Work task
From the line that contains "BSF put on high" to the final line of the records below, print each line exactly and leave every picture out.

(Data items)
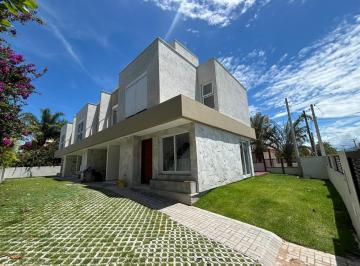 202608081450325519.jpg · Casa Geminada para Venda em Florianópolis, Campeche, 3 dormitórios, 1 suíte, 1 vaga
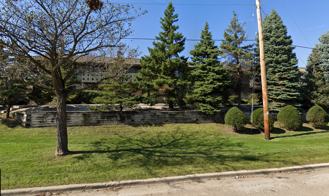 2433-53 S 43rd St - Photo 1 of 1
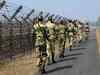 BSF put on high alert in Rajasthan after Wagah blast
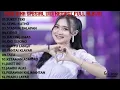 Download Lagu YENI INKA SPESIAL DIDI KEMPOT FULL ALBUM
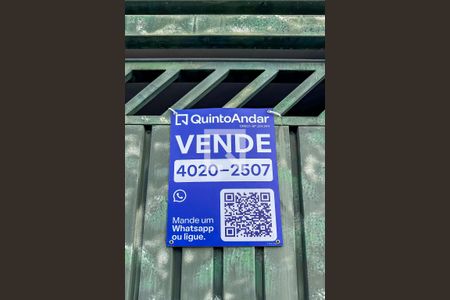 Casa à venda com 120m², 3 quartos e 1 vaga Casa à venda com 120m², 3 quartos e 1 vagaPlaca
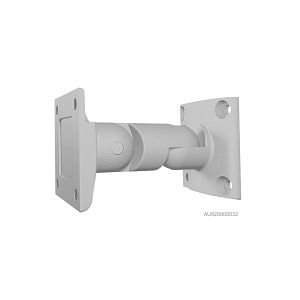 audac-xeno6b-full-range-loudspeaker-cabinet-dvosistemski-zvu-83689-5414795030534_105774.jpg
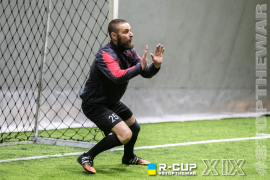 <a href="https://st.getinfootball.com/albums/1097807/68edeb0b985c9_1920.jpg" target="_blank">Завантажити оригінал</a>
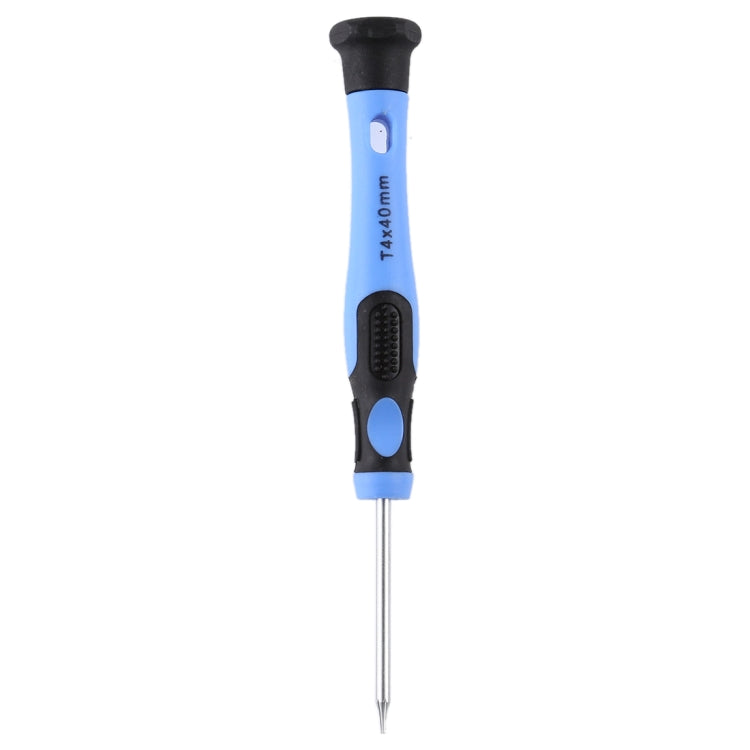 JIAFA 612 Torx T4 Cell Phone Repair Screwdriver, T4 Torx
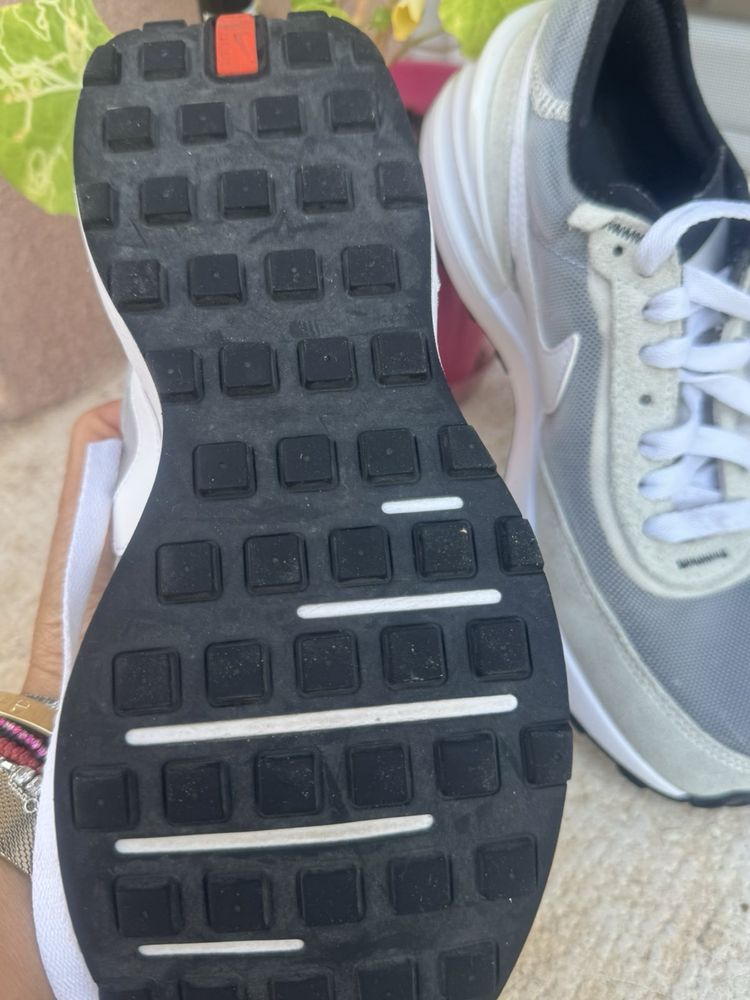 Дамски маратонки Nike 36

Solved exercise
 BSF put on high alert in Rajasthan after Wagah blast
 Download Lagu YENI INKA SPESIAL DIDI KEMPOT FULL ALBUM
 Casa à venda com 120m², 3 quartos e 1 vaga Casa à venda com 120m², 3 quartos e 1 vagaPlaca
 audac-xeno6b-full-range-loudspeaker-cabinet-dvosistemski-zvu-83689-5414795030534_105774.jpg
 <a href="https://st.getinfootball.com/albums/1097807/68edeb0b985c9_1920.jpg" target="_blank">Завантажити оригінал</a>
 JIAFA 612 Torx T4 Cell Phone Repair Screwdriver, T4 Torx
 Дамски маратонки Nike 36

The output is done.